Wegen des schlechten Anschlusses in Brügge wird beschlossen, bis Lüttich durchzufahren und dort umzusteigen, zumal die erste Klasse erfreulich leer bleibt, während ein Blick durch die Scheibe zum Nebenwagen 2. Klasse die beruhigende Gewissheit vermittelt, dass dort wenigstens niemand umfallen kann.

In Brügge selbst gehen für zwei Minuten das (halbe) Licht und die Heizung aus. Der Eingeweihte diagnostiziert sogleich die stromlose Zugsammelschiene, ein leichter Ruck und schon geht es weiter. Wir sind wieder 'lang'. Irgendwo weiter hinten im Zug sind jetzt die Wagen, die wir in Knokke verpasst hätten. 

Die wenigen, die in 'unseren' Wagen kommen, stutzen, murmeln etwas von 1. Klasse und schleichen gesenkten Hauptes davon. Naja, fast alle. 17jährige Mädchen mit riesigen Rucksäcken müssen einen besonderen Drang haben, ohne entsprechenden Fahrausweis die Freuden des komfortableren Reisens zu genießen. Mehrere Male lassen sich verschiedene Trüppchen dieser ständig schnatternden Spezies im Wagen nieder, um beim Herannahen des Zugchefs entweder schleunigst zu verschwinden oder mit Wimpernklimpern und Unschuldsmiene zu fragen, ob sie sitzenbleiben dürften - eine Frage, die mit einem Lächeln bejaht wird, vorausgesetzt natürlich, man sei willens, den dafür vorgesehenen Zuschlag zu entrichten. Und so kehrt wieder Ruhe ein, im Wagen. Es geht halt nichts über das Pflichtbewusstsein eines königlichen Beamten. 

Im Display erscheinen die ersten Hinweise, man möge sich gelegentlich in den 'richtigen' Teil des Zugs begeben oder dies spätestens in Landen über den Bahnsteig nachholen. Dort wird die Linie 'E' nämlich wiederum geflügelt. Ein Teil fährt über Hasselt nach Genk, der andere nach Lüttich (Guillemins). 

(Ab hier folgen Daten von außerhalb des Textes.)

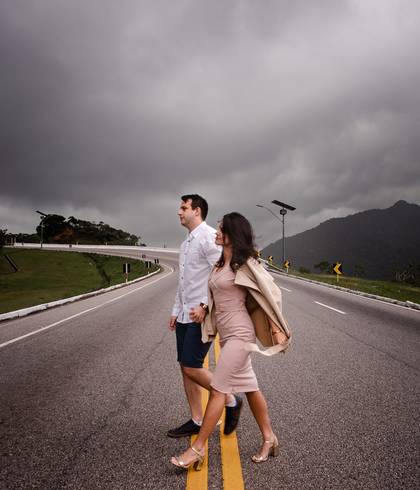 Ensaio Casal / Pre-Wedding de VANESSA & RAFAEL
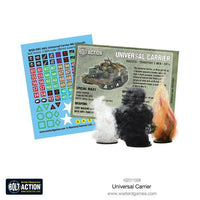 BOLT ACTION : BRITISH UNIVERSAL CARRIER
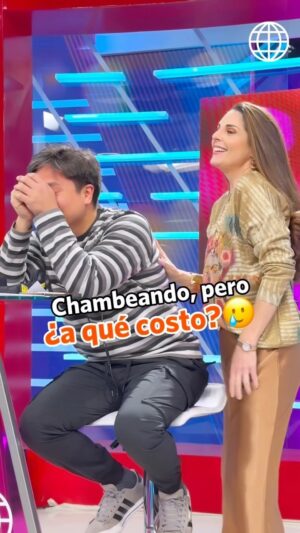 Rebeca Escribens Instagram - #Espectáculos Chambeando, pero ¿a qué costo?🥲🆘 (Pedido de ayuda para Luchito)🤣 ¿Quién eres? ¿El amigo que ya se acostumbra o la amiga que molesta con cariño? 🤣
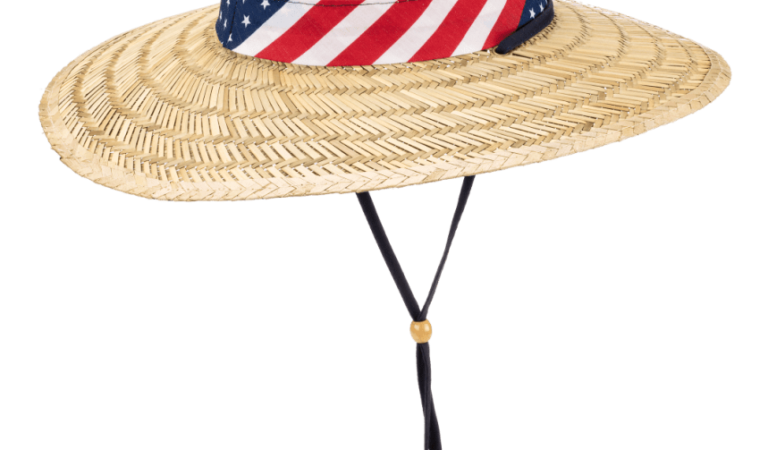 Redhead Lifeguard Straw Hat for $13 + free shipping w/ $50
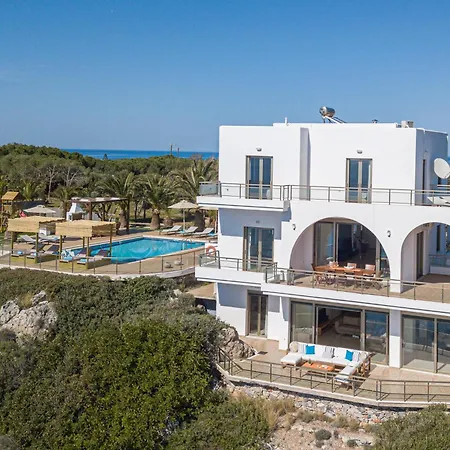 Del Sole, Private Pool And Amazing Sea View Villa Chania (Crete)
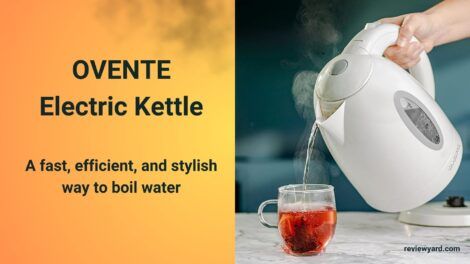 OVENTE Electric Kettle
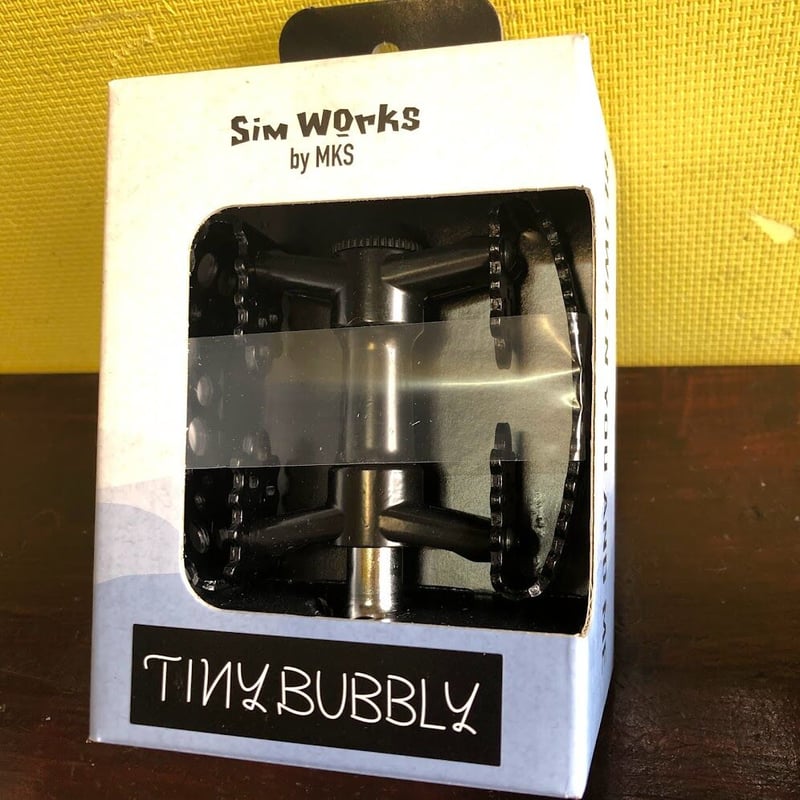 SIM WORKS tiny bubbly pedal black シムワークス Tiny Bubbly
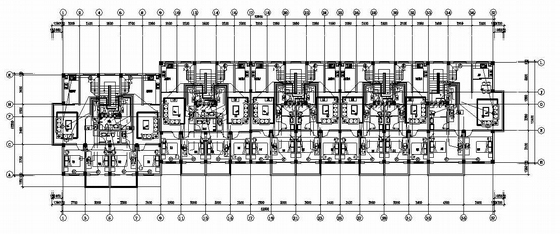 某六层住宅楼电气图纸- 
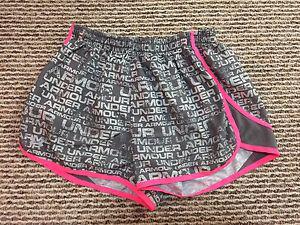 Under Armour women's medium semi-fitted shorts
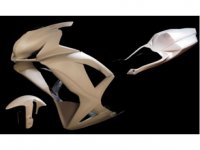 WTB 08-10 GSXR 600/750 track fairings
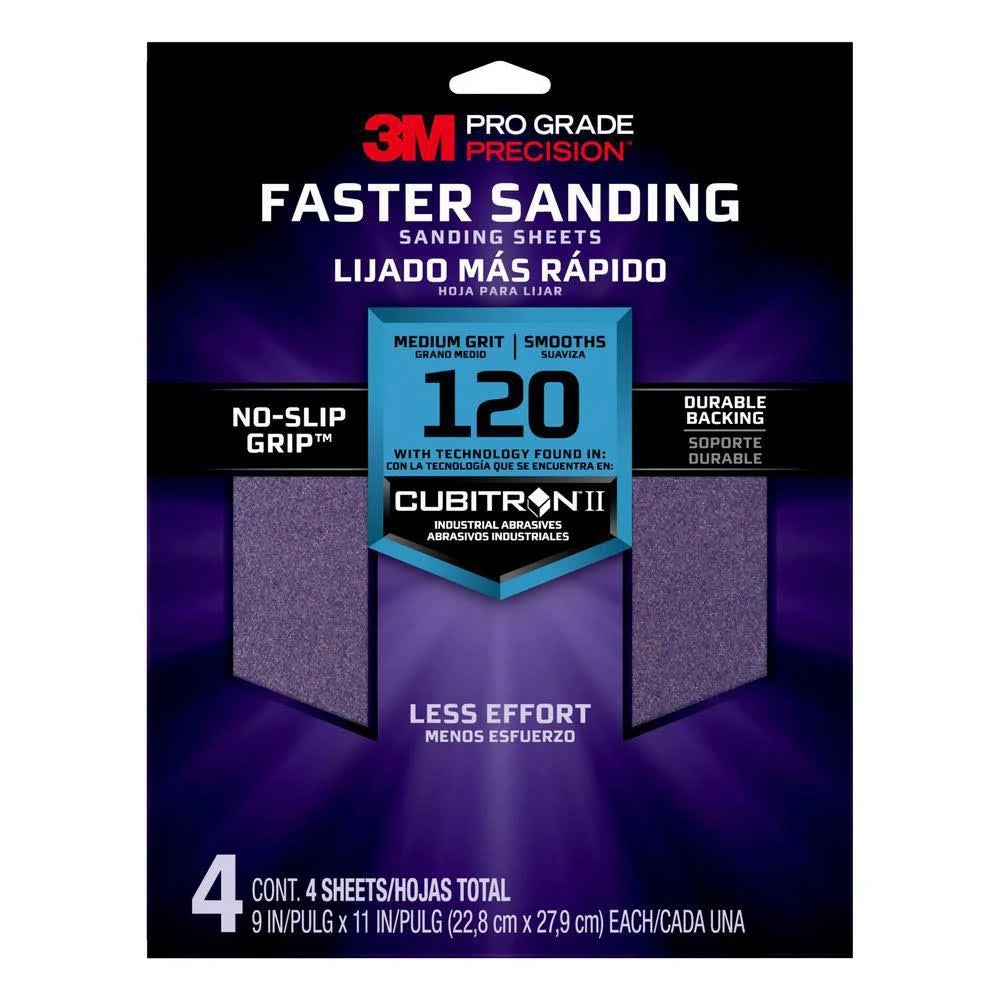 120 Grit Medium Advanced Sanding Sheet P901
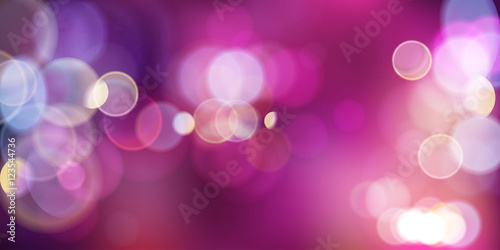 Purlle magic lights background photo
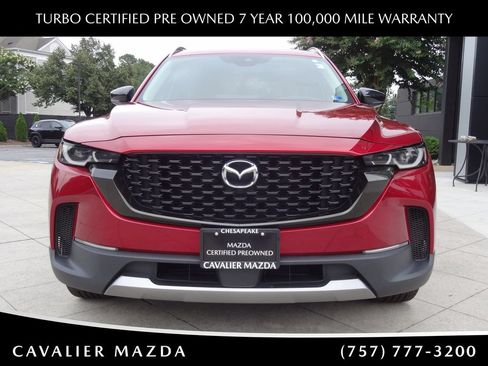 Certified 2024 MAZDA CX-50 AWD 2.5 Turbo w/ Weather Package image 9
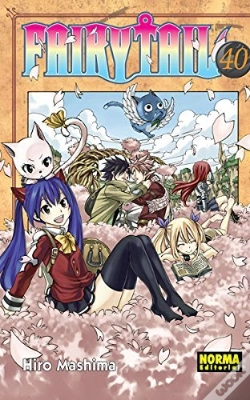 Capa do artigo Fairy Tail 40
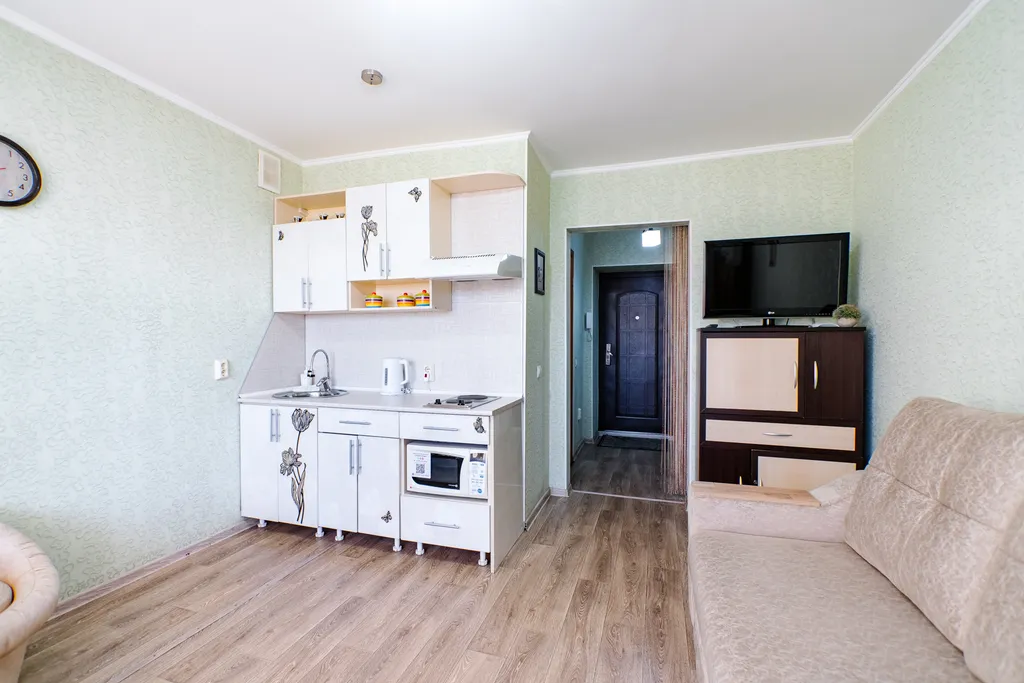 Чистая уютная студия в центре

Die drei Amerikanerinnen im Wagen werden panisch. Nirgends ein Hinweis darauf, dass sie im Zug nach 'Liège' und damit richtig sind. Derweil verkündet das Display in der örtlichen Weltsprache, dass dieser Teil des Zugs nach 'Luik' fährt und dass man noch bis Landen in den 'gepasten' Wagen 'overstappen' kann. Kein Wort von 'Liège'. Wir sind halt noch in Flandern. Wie sagte schon Obelix.....??

Das Kuppeln und Trennen der Triebzugeinheiten scheint jedenfalls bestens zu funktionieren. Auch in Landen geht alles so schnell über die Bühne, dass man es kaum bemerkt. Kurz darauf erscheint erstmals 'Liège' im Display. Die Amerikanerinnen beginnen zu glauben, was wir ihnen seit einer halben Stunde predigen, und sinken sichtlich gealtert in ihre Sitze.

Kurz darauf erreichen wir Lüttich/Liège/Luik Guillemins und sitzen schon wenige Minuten später wieder im IC 'A', der uns eine halbe Stunde später in den unterdessen für die Nacht geschlossenen Welkenraedter Bahnhof entlässt.

Vor dem Bahnhof stellt sich beim Eiskratzen auf der Windschutzscheibe einmal mehr Bedauern ein, dass schöne Tage immer so schnell vorbeigehen und dass die Bahnverbindung Welkenraedt - Köln morgens früh und abends spät leider keine ist.